Start of Supplied material

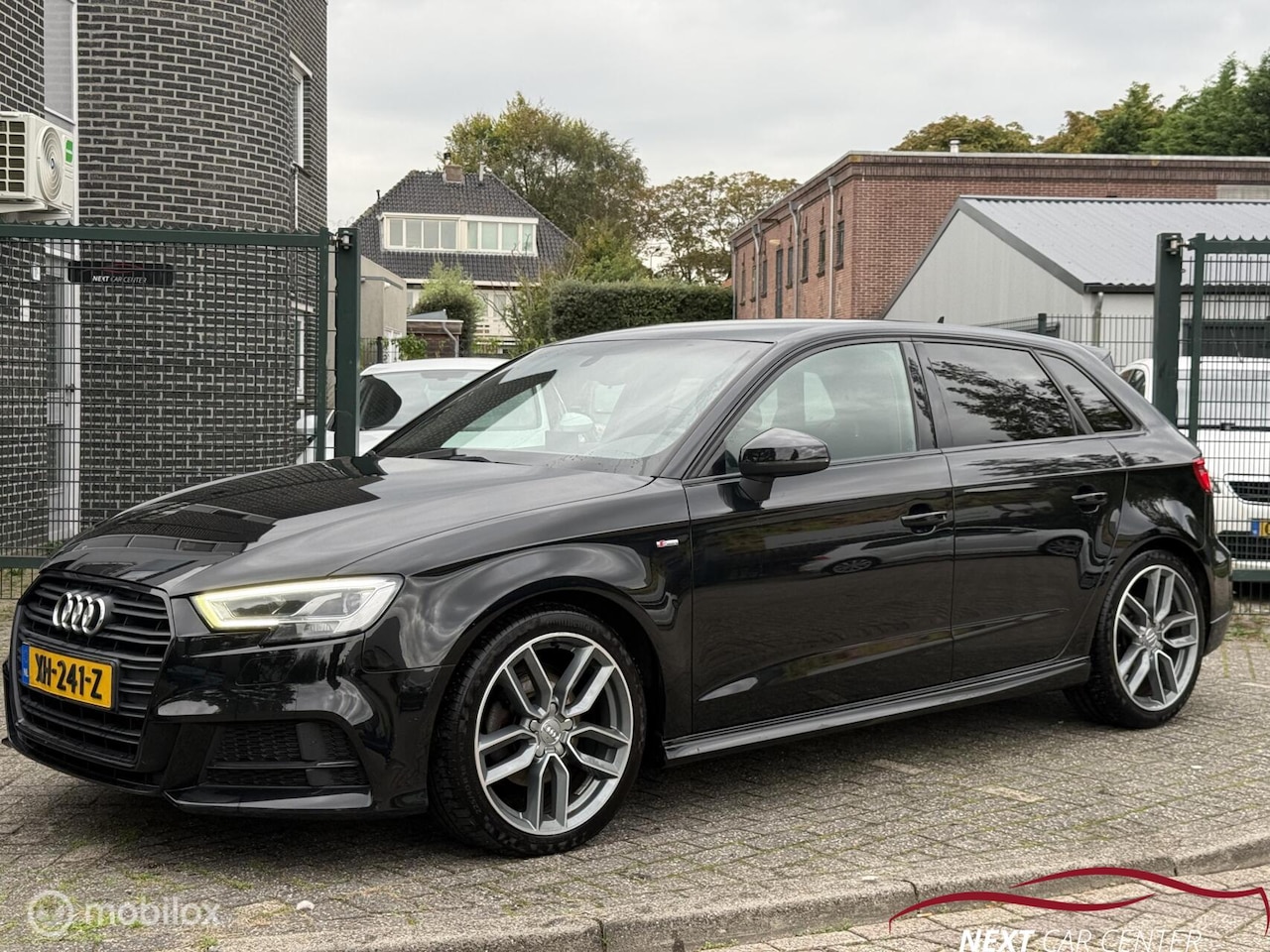 Audi A3 Sportback - 35 TFSI CoD Sport S Line Edition 35 TFSI CoD Sport S Line Edition - AutoWereld.nl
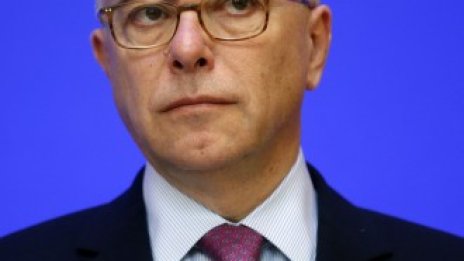 Франция иска подобряване контрола на сирийски паспорти по външните граници на ЕС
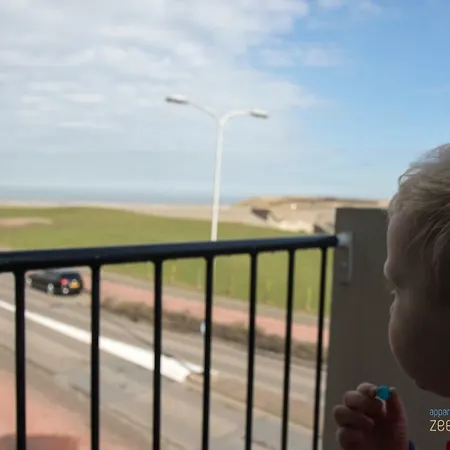 Zee En Duinzicht 78 דירה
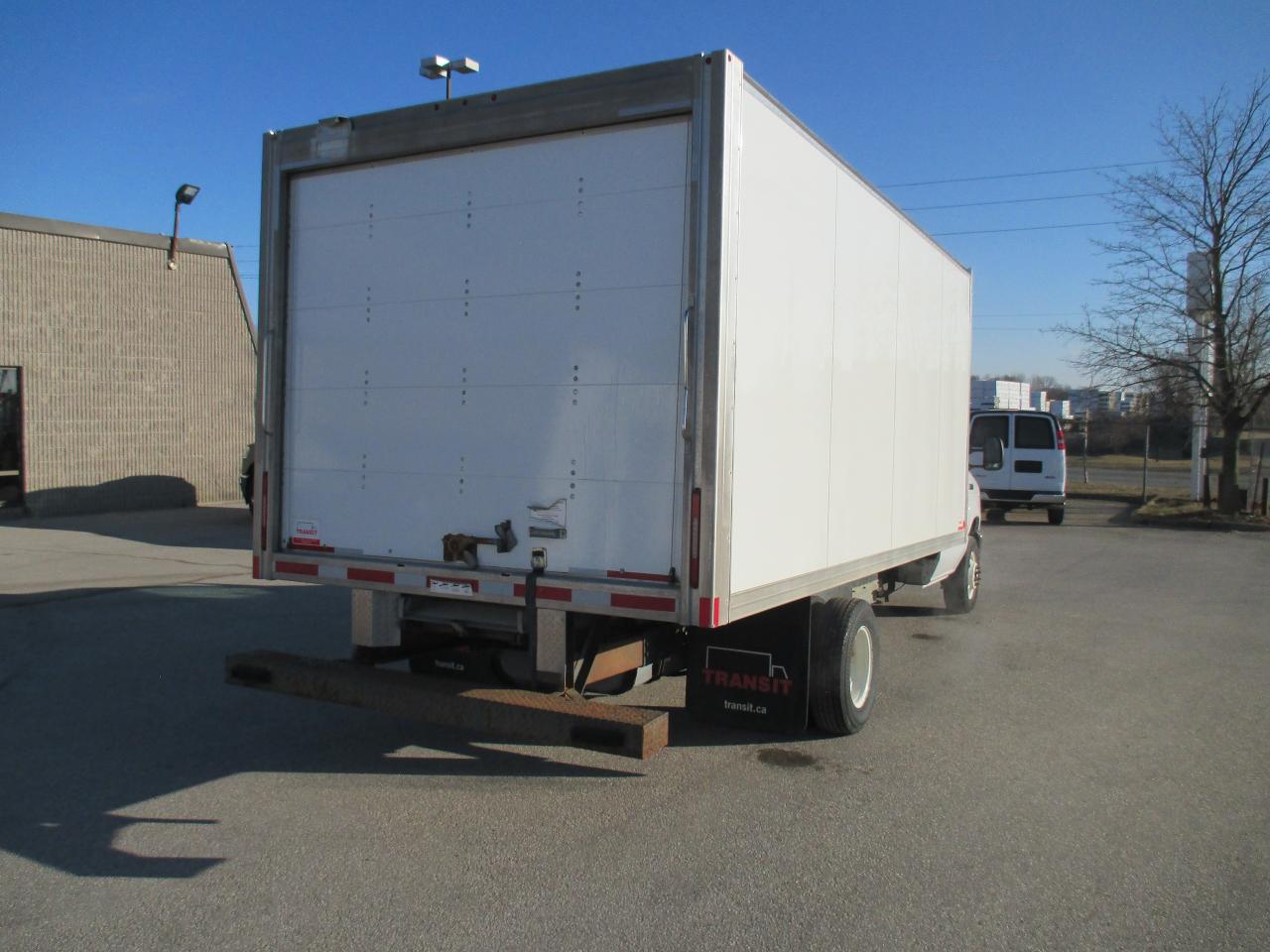 2022 Ford E450 E-450 DRW 176" WB - Photo #5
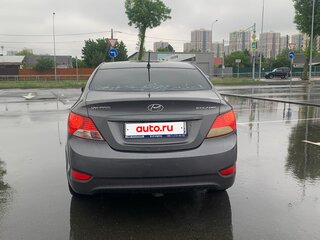 2013 Hyundai Solaris I, серый, 750000 рублей, вид 4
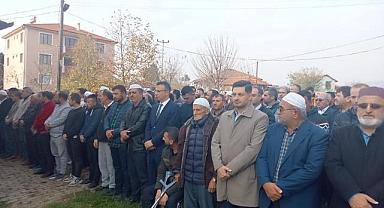 MEHMET HOCA DUALARLA SON YOLCULUĞUNA UĞURLANDI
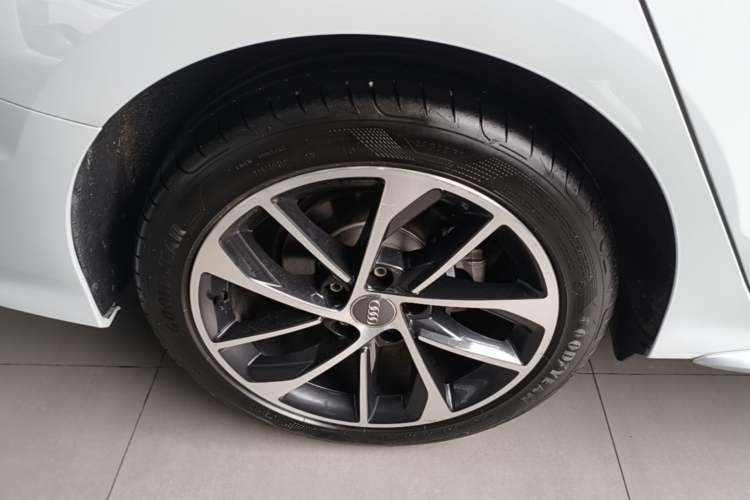 Used Audi A3 2021 A3L Limousine 35 TFSI Progressive Sport Edition Right Rear Wheel Hub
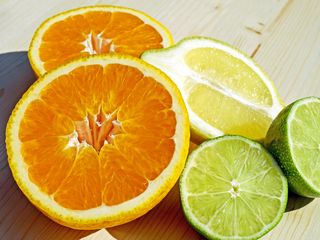 Aufgeschnittene Orange, Zitrone und Limette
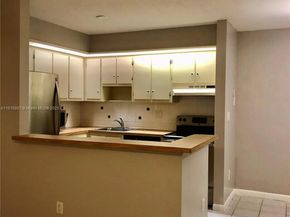 9753 W Mcnab Rd 112, Tamarac FL 33321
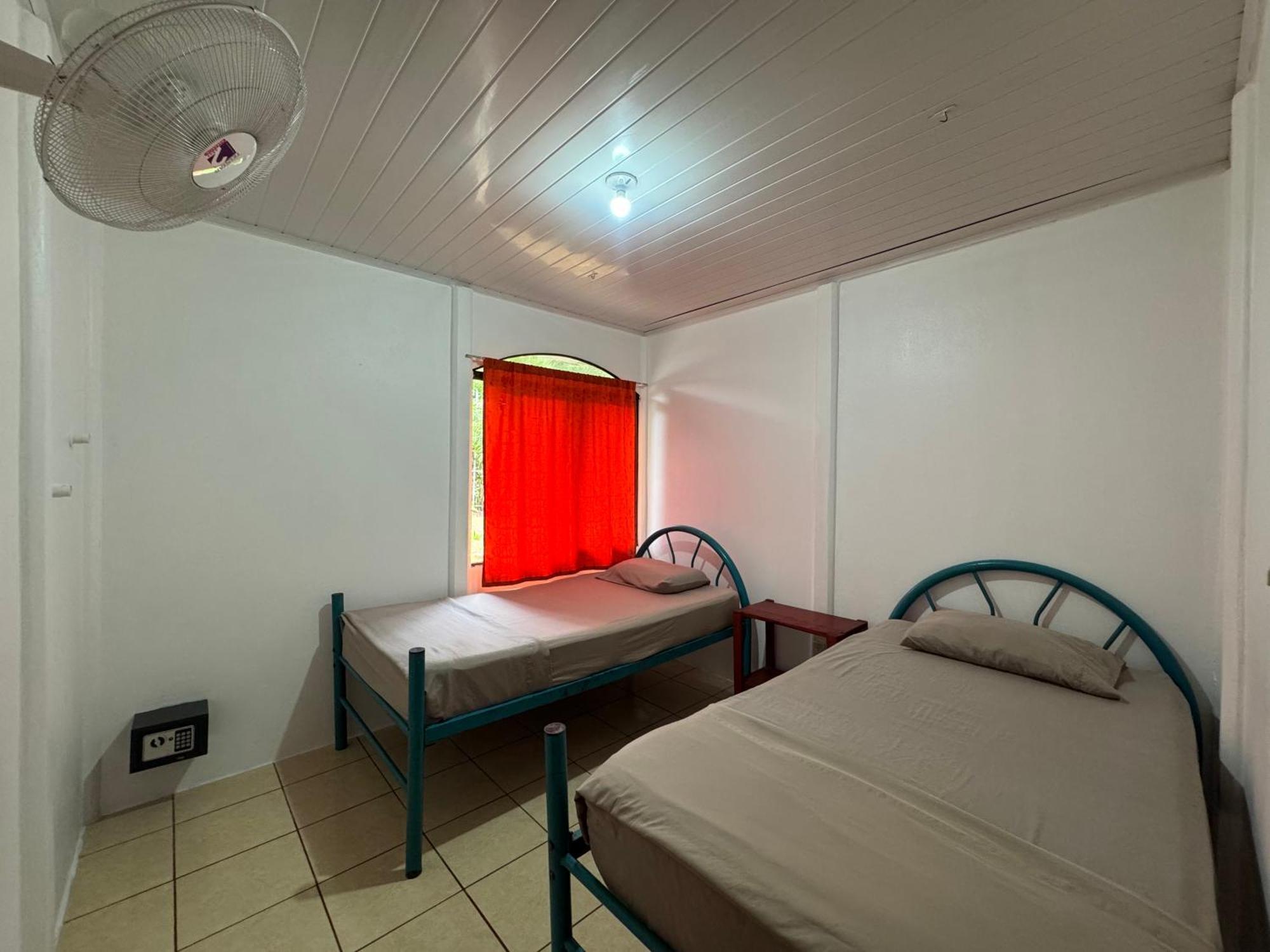 Standard Twin Room - Shared Bathroom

End of Supplied material

Task instructions ::
Pick up at the line that holds "MEHMET HOCA DUALARLA" and restate each line, word for word, through the last line of the entries. Include both end lines but none of the pictures.

Response area ::
 MEHMET HOCA DUALARLA SON YOLCULUĞUNA UĞURLANDI
 Used Audi A3 2021 A3L Limousine 35 TFSI Progressive Sport Edition Right Rear Wheel Hub
 Aufgeschnittene Orange, Zitrone und Limette
 9753 W Mcnab Rd 112, Tamarac FL 33321
 Standard Twin Room - Shared Bathroom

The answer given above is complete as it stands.